Al direttore - “Vim vi repellere licet” (è lecito respingere la violenza con la violenza) è un principio presente già nel “Digesto” di Giustiniano (533). E’ accettato da ogni ordinamento giuridico e da ogni dottrina morale, tranne dalle dottrine della nonviolenza. Con una sua interpretazione perfino estensiva, è stato accolto  anche dal Catechismo della Chiesa cattolica, voluto nel 1992 da Giovanni Paolo II proprio come espressione del magistero conciliare: “La legittima difesa, oltre che un diritto, può essere anche un grave dovere per chi è responsabile della vita di altri. La difesa del bene comune esige che si ponga l’ingiusto aggressore in stato di non nuocere” (n. 2.265). Non basta. Più avanti, il Catechismo recita: “Si devono considerare con rigore le strette condizioni che giustificano una legittima difesa con la forza militare. Tale decisione, per la sua gravità, è sottomessa a rigorose condizioni di legittimità morale. Occorre contemporaneamente: che il danno causato dall’aggressore alla nazione o alla comunità delle nazioni sia durevole, grave e certo; che tutti gli altri mezzi per porvi fine si siano rivelati impraticabili o inefficaci; che ci siano fondate condizioni di successo; che il ricorso alle armi non provochi mali e disordini più gravi del male da eliminare. Nella valutazione di questa condizione ha un grandissimo peso la potenza dei moderni mezzi di distruzione. Questi sono gli elementi tradizionali elencati nella dottrina detta della “guerra giusta”. La valutazione di tali condizioni di legittimità morale spetta al giudizio prudente di coloro che hanno la responsabilità del bene comune” (n. 2.309). Se dico una castroneria Papa Bergoglio mi perdoni, ma ho l’impressione che il diritto alla legittima difesa del popolo ucraino non abbia trovato fin qui, nei suoi pur doverosi appelli alla pace, il sostegno che meritava.
Michele Magno

Nel vocabolario del Papa, la guerra giusta non esiste più e proprio qualche mese fa, a invasione calda dell’Ucraina, Francesco ha scelto di ricordarlo con tono solenne: “Non esistono le guerre giuste, non esistono”. Il problema è che un mondo che decide di considerare sbagliate tutte le guerre finisce per considerare sbagliate anche le guerre difensive. E considerare non legittime anche le guerre difensive significa contribuire a far sentire i paesi invasi un po’ meno protetti, un po’ più vulnerabili, un po’ più abbandonati. Diceva sant’Agostino: “Non credere che non possa piacere a Dio nessuno il quale faccia il soldato tra le armi destinate alla guerra”. Chiaro no?

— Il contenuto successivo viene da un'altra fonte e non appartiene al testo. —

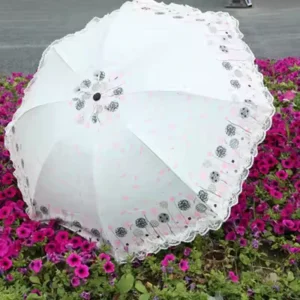 Factory Wholesales Ladies Lace Umbrellas Three Folding Sun Protection and Rain Travel Foldable Umbrellas for Women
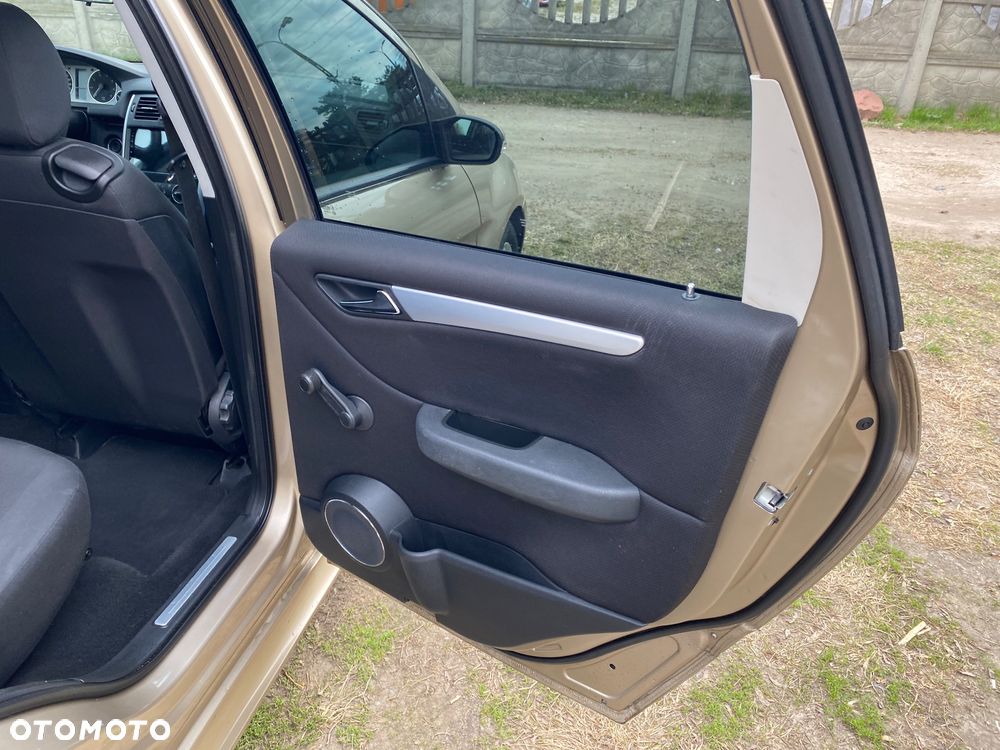 Mercedes-Benz Klasa B - 13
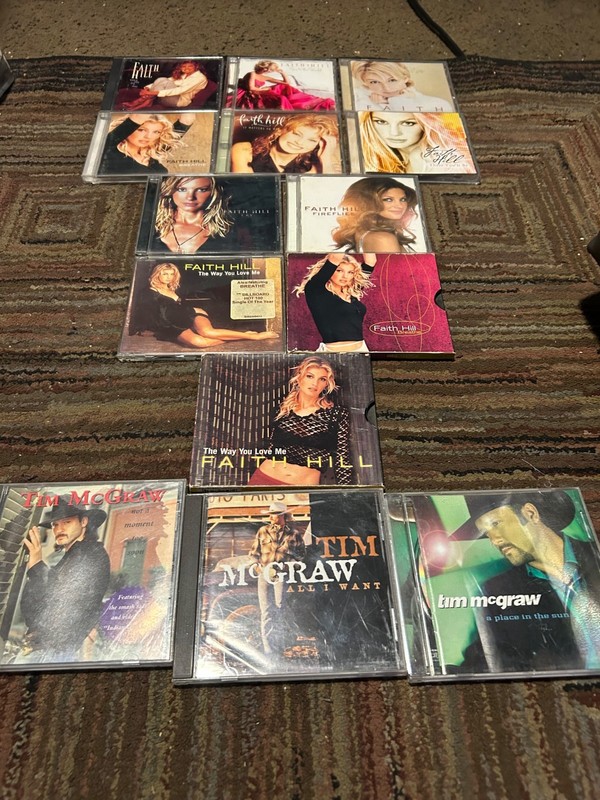 FAITH HILL: 11 CDS COUNTRY/XMAS + TIM McGRAW 3 CDS PRE-OWNED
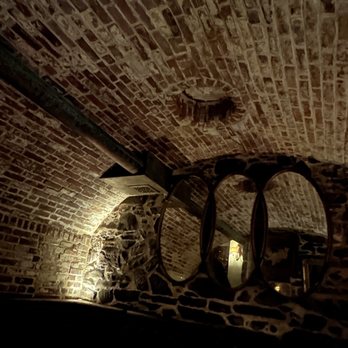 Le Boudoir - a wine cellar with barrels - Cocktail Bars Near Me - Brooklyn, New York Le Boudoir - a wine cellar with barrels - Cocktail Bars Near Me - Brooklyn, New York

Al direttore - La Bce ha sbagliato, e non lievemente,  per lungo tempo nel ritenere transitorio l’aumento dell’inflazione e quasi nessuno ha mosso rilievi al riguardo, pur essendovi materia per farlo e per non ritenere la Bce immune da critiche. Ora, considerare invece una responsabilità (grave) della Banca centrale l’impatto che l’avvio della normalizzazione della politica monetaria ha avuto sui mercati e sugli spread, dopo le decisioni del direttivo del 9 giugno, appare chiaramente eccessivo. Si dimentica il vincolo del mandato, conferito all’Istituto,  del mantenimento della stabilità dei prezzi (con il target del 2 per cento simmetrico in una prospettiva di medio termine, mentre l’inflazione stimata per l’anno è al 6,8 per cento), così come si trascura che solo questa è la sua missione voluta dal Trattato Ue e  che sullo stesso piano non si colloca il sostegno all’economia e all’occupazione (come per la Fed). Si dimentica altresì che le decisioni assunte erano da tempo puntualmente previste. Piuttosto, sarebbe importante discutere di quali misure collaterali la Bce potrebbe arricchire la propria panoplia e, soprattutto, delle conseguenze per la politica economica e di finanza pubblica per l’area e per i singoli paesi, in particolare per l’Italia, con riferimento al debito, alla crescita, alla produttività, al lavoro. Il raccordo tra politica monetaria e politiche economiche è fondamentale, soprattutto in questa fase, mentre aumentano le incertezze indotte dalla guerra scatenata da Putin contro l’Ucraina che si caratterizza sempre più per atti di barbarie e orrore.